No matter who wins the Republican presidential nomination, President Obama is in for what will probably be the toughest fight for his political life. And because his campaign cannot afford to take any constituency for granted, First Lady Michelle Obama launched this week Women for Obama, a fundraising and grassroots group whose primary goal is to re-engage the people who supported her husband in 2008, attract new supporters and help get out the vote in 2012.
“This is a special group dedicated to growing this campaign from the ground up. Because we know better than anyone that movements for real and lasting change have got to start at the grassroots — and they’re sustained by the relationships we develop with one another,” Obama said in an e-mail to supporters. “Together, that’s what we’re going to do — build relationships with supporters, new and old, and grow this campaign — one woman at a time.”

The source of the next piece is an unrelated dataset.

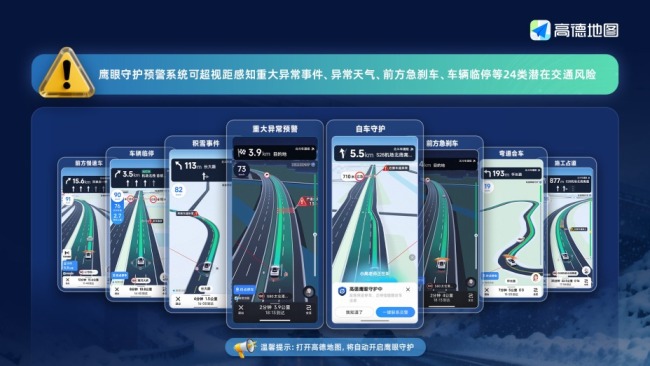 鹰眼守护预警系统全面升级 春运安全再加强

The first lady said that throughout her travels around the nation she has met countless women who are “determined to leave a better world for our children and give them opportunities we never even dreamed of.” She also said that the president, who was raised by a single mother who sometimes struggled financially, understands the challenges that many women face as they struggle to make ends meet and make their children’s dreams come true.
Obama cited health care reform, higher education standards, job training programs at community colleges and the Lilly Ledbetter Fair Pay Act as examples of the kinds of investments that Obama’s administration has made in women and families.